What you will do
Leave out the pictures. Return every record otherwise untouched.

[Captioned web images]

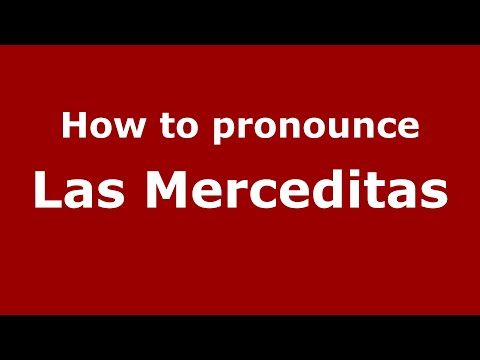 How to pronounce Las Merceditas (Mexico/Mexican Spanish) - PronounceNames.com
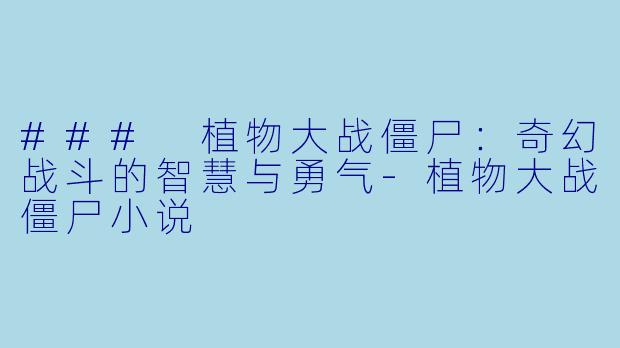 ### 植物大战僵尸：奇幻战斗的智慧与勇气-植物大战僵尸小说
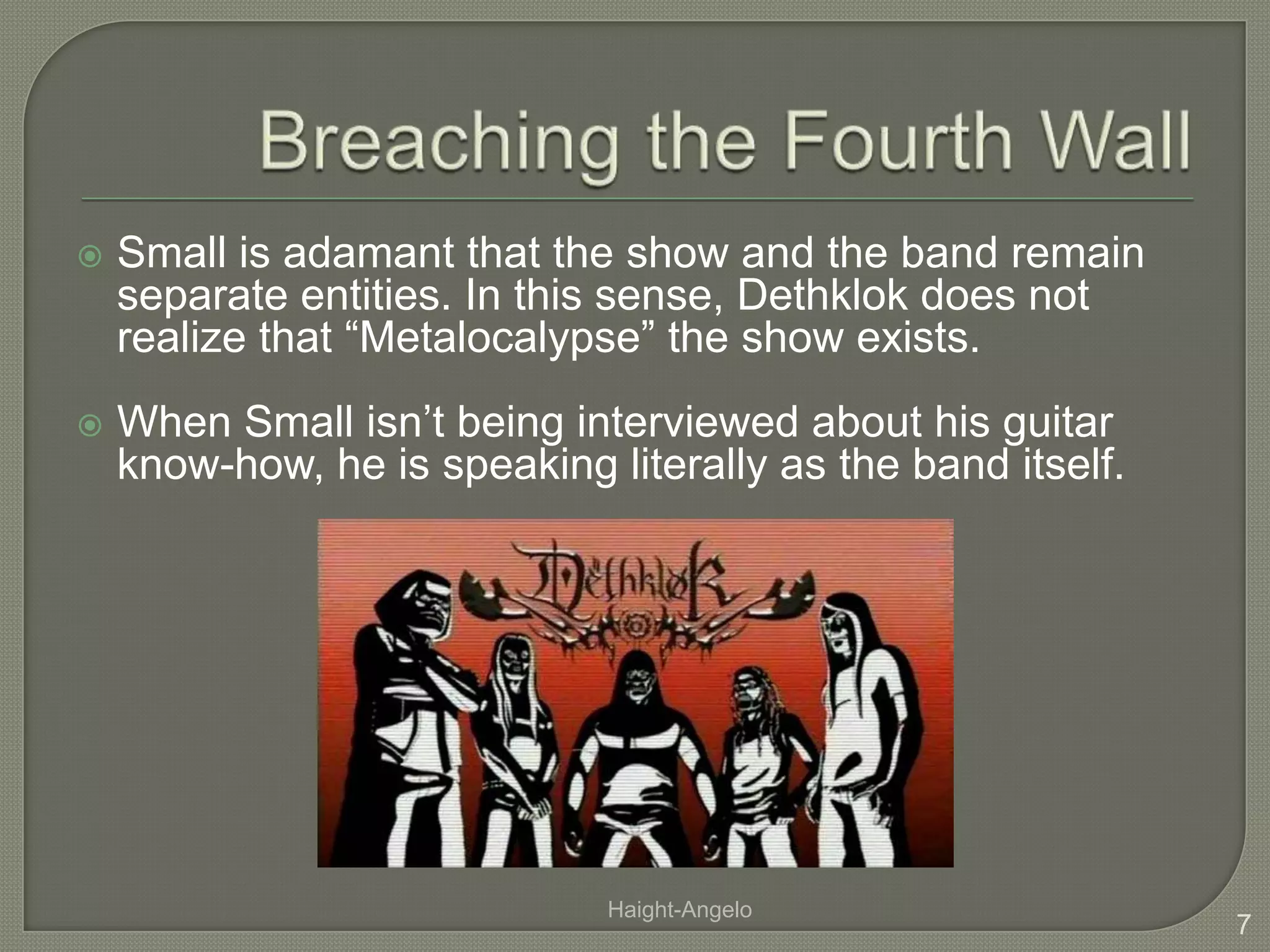 Breaching the Fourth WallSmall is adamant that the show and the band remain separate entities. In this sense, Dethklok does not realize that “Metalocalypse” the show exists.When Small isn’t being interviewed about his guitar know-how, he is speaking literally as the band itself. 7Haight-Angelo
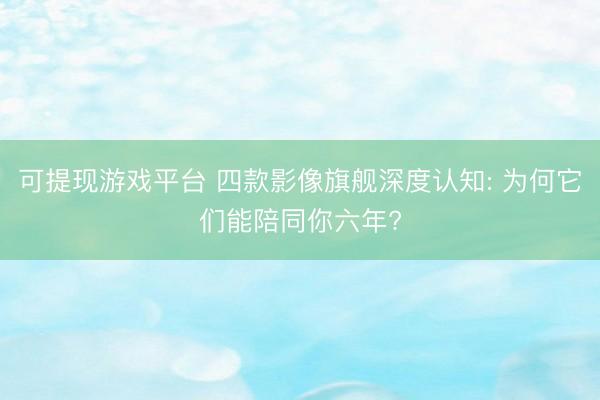 可提现游戏平台 四款影像旗舰深度认知: 为何它们能陪同你六年?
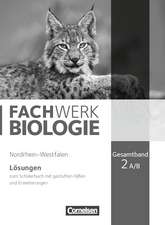 Fachwerk Biologie Gesamtband. Lösungen Nordrhein-Westfalen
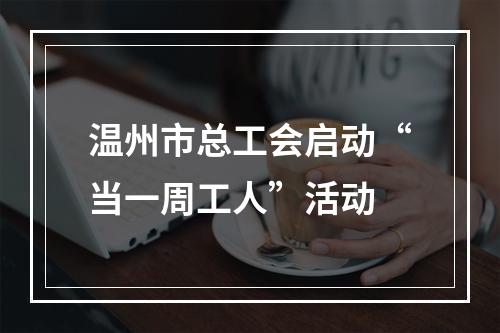 温州市总工会启动“当一周工人”活动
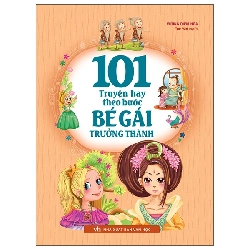 101 Truyện Hay Theo Bước Bé Gái Trưởng Thành (2022) (2022) - Vương Diễm Nga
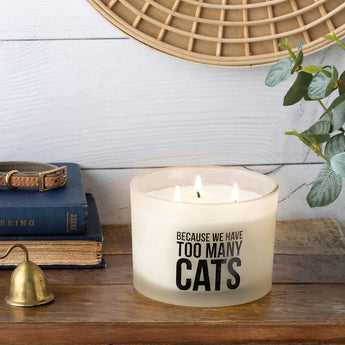 Because We Have Too Many Cats Candle with French vanilla scent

Answer space
 How to pronounce Las Merceditas (Mexico/Mexican Spanish) - PronounceNames.com
 ### 植物大战僵尸：奇幻战斗的智慧与勇气-植物大战僵尸小说
 Breaching the Fourth WallSmall is adamant that the show and the band remain separate entities. In this sense, Dethklok does not realize that “Metalocalypse” the show exists.When Small isn’t being interviewed about his guitar know-how, he is speaking literally as the band itself. 7Haight-Angelo
 可提现游戏平台 四款影像旗舰深度认知: 为何它们能陪同你六年?
 Fachwerk Biologie Gesamtband. Lösungen Nordrhein-Westfalen
 温州市总工会启动“当一周工人”活动
 101 Truyện Hay Theo Bước Bé Gái Trưởng Thành (2022) (2022) - Vương Diễm Nga
 Because We Have Too Many Cats Candle with French vanilla scent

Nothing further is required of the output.